Structuring Collective Action with LLM-Guided Evolution: From Ill-Structured Problems to Executable Heuristics

ICLR 2026 Conference Submission18325 Authors

19 Sept 2025 (modified: 08 Oct 2025)ICLR 2026 Conference SubmissionEveryoneRevisionsBibTeXCC BY 4.0
Keywords: Large Language Models (LLMs), Evolutionary Algorithms (EA), Program Synthesis, Code Heuristics, Hyper-heuristics, LLM-guided Search, Collective Action, Commons Governance, Mechanism Design & Nudging, Personalized Persuasion, Behavioral Messaging, Multi-agent Coordination, Ecological Connectivity
TL;DR: ECHO-MIMIC uses LLM-guided evolutionary search to evolve interpretable heuristics and personalized nudges that align many local agents to a global objective, turning ill-structured collective-action problems into tractable ones.

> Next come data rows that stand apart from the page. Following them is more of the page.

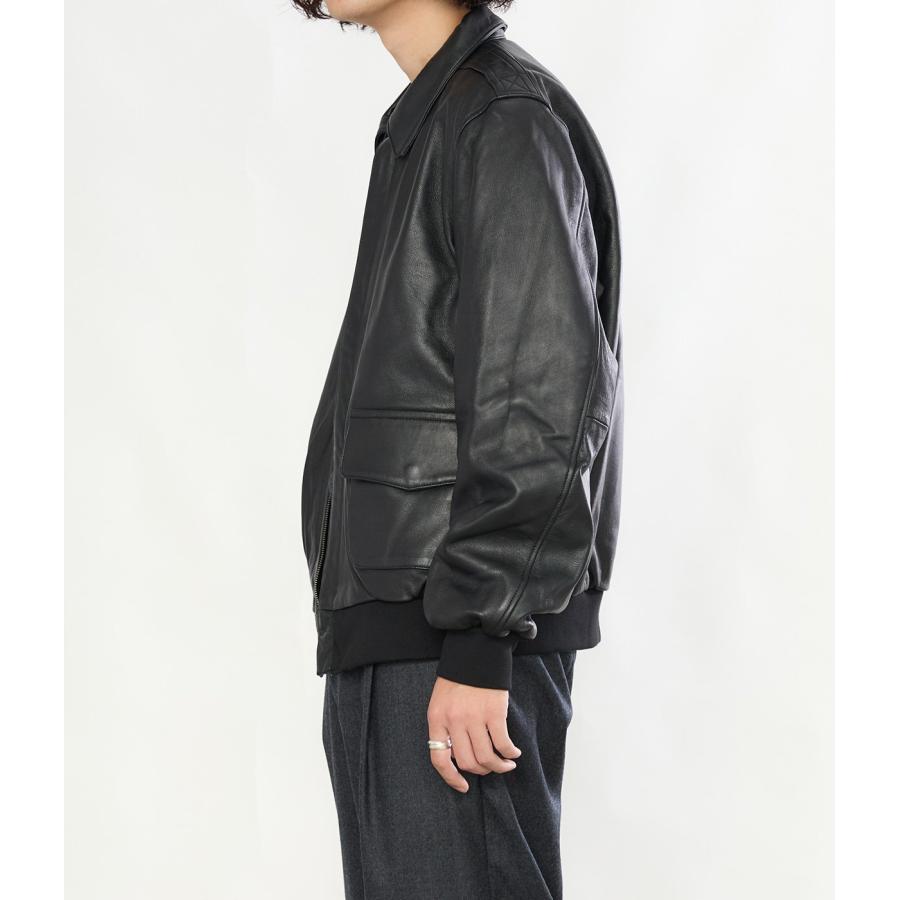 BALLAST ARK / バラストアーク ： A-2 SHEEPSKIN JKT 全2色 BA10-J004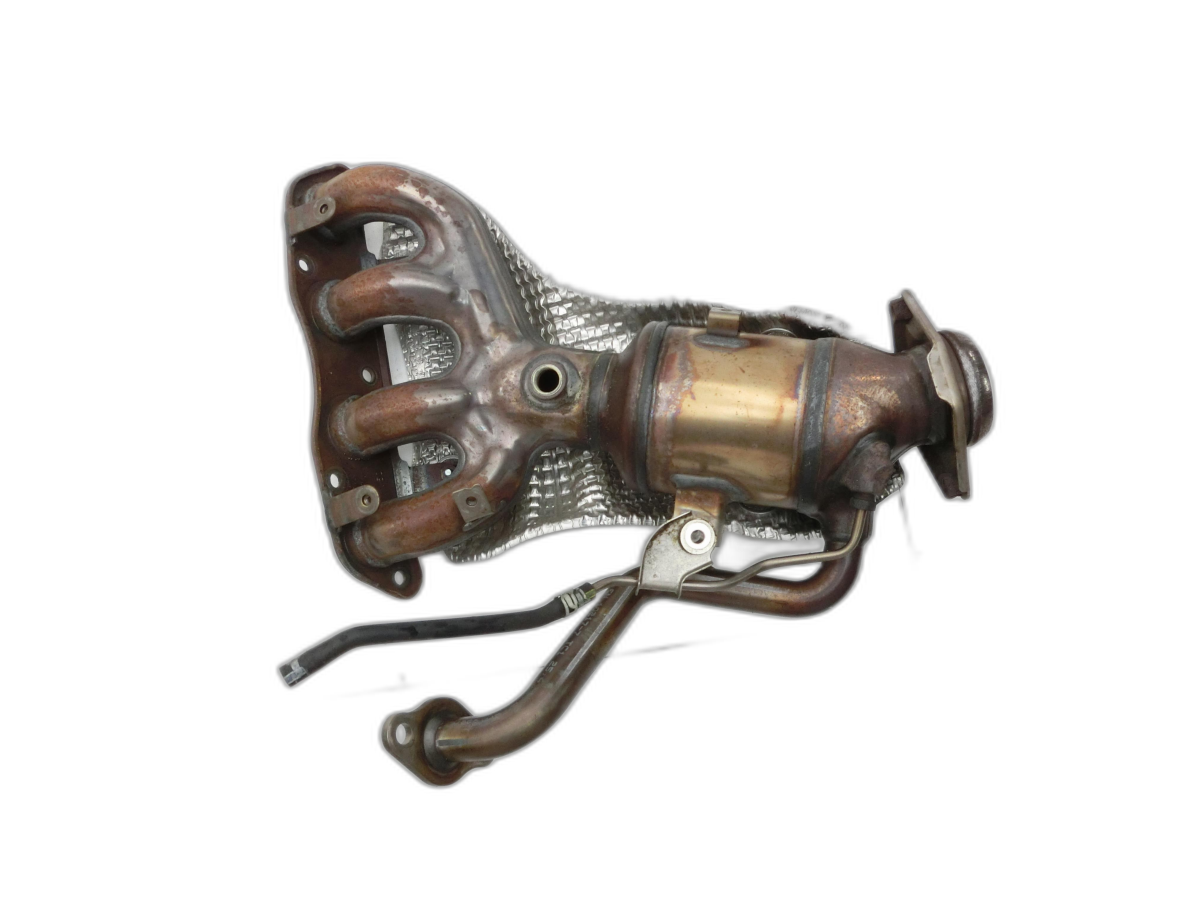 Toyota Corolla E21 19-23 Hybrid 1,8 72KW Katalysator Kat Vorkat mit Abgaskrümmer - Bild 1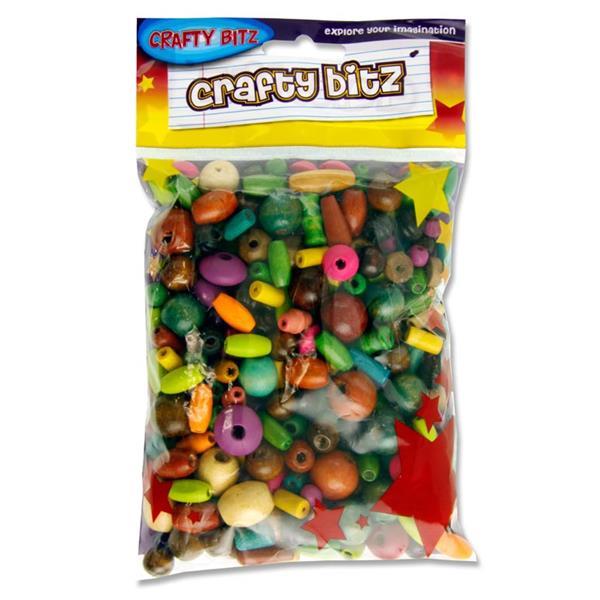 Crafty Bitz 100g Pack Coloured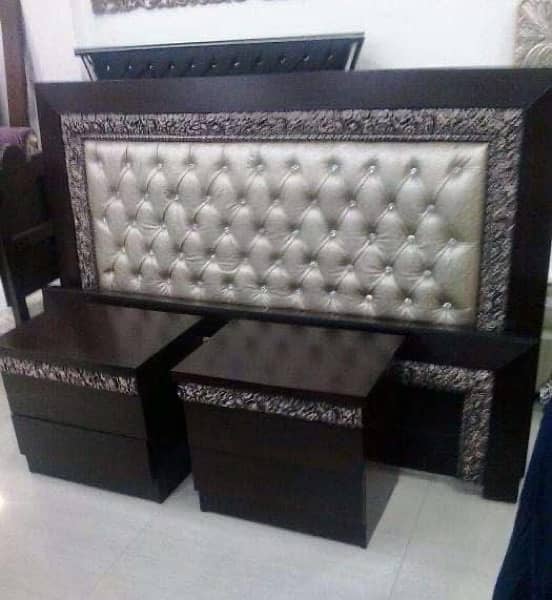 Double Bed/Single Bed Side Table/Dressing/King size Bed Beds 1078576222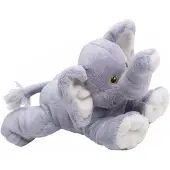 Nature Planet Pluche olifanten knuffeldier van 22cm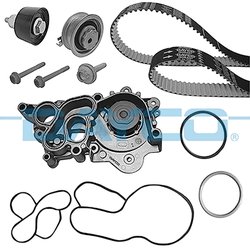 Set distributie curea si pompa apa Dayco KTBWP8191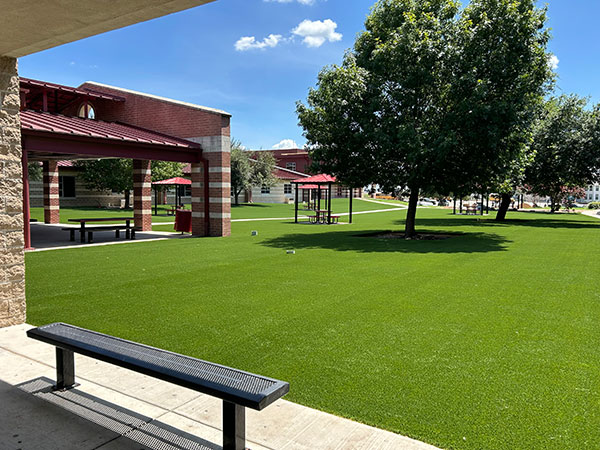 Commercial Turf Installation 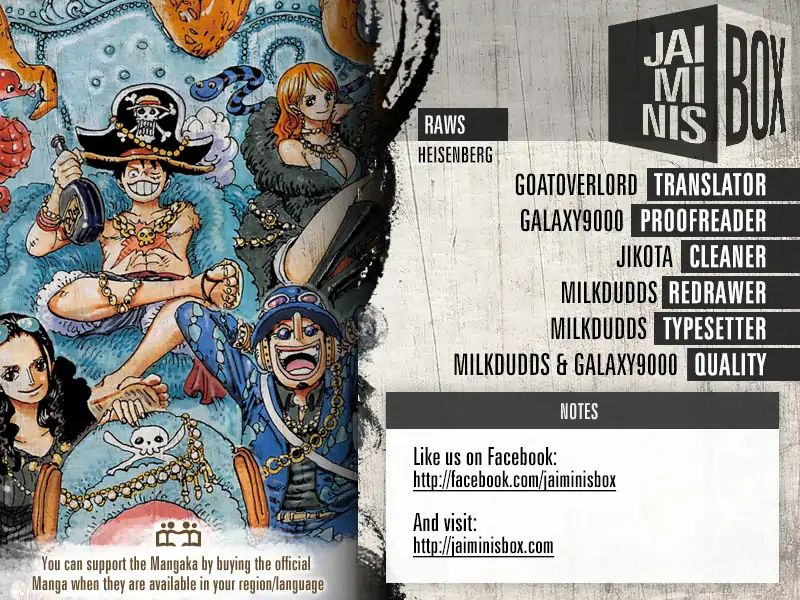 Read One Piece Manga Online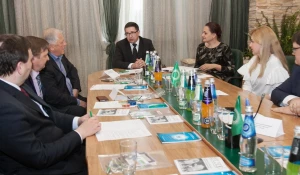 "Круглый стол", посвященный импортозамещению в условиях кризиса и санкций.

Abstract: Collective action problems, which require aligning individual incentives with collective goals, are classic examples of Ill-Structured Problems (ISPs). For an individual agent, the causal links between local actions and global outcomes are unclear, stakeholder objectives often conflict, and no single, clear algorithm can bridge micro-level choices with macro-level welfare. We present ECHO-MIMIC, a computational framework that converts this global complexity into a tractable, Well-Structured Problem (WSP) for each agent by discovering compact, executable heuristics and persuasive rationales. The framework operates in two stages: ECHO (Evolutionary Crafting of Heuristics from Outcomes) evolves snippets of Python code that encode candidate behavioral policies, while MIMIC (Mechanism Inference \& Messaging for Individual-to-Collective Alignment) evolves companion natural language messages that motivate agents to adopt those policies. Both phases employ a large-language-model-driven evolutionary search: the LLM proposes diverse and context-aware code or text variants, while population-level selection retains those that maximize collective performance in a simulated environment. We demonstrate this framework on a canonical ISP in agricultural landscape management, where local farming decisions impact global ecological connectivity. Results show that ECHO-MIMIC discovers high-performing heuristics compared to baselines and crafts tailored messages that successfully align simulated farmer behavior with landscape-level ecological goals. By coupling algorithmic rule discovery with tailored communication, ECHO-MIMIC transforms the cognitive burden of collective action into a simple set of agent-level instructions, making previously ill-structured problems solvable in practice and opening a new path toward scalable, adaptive policy design.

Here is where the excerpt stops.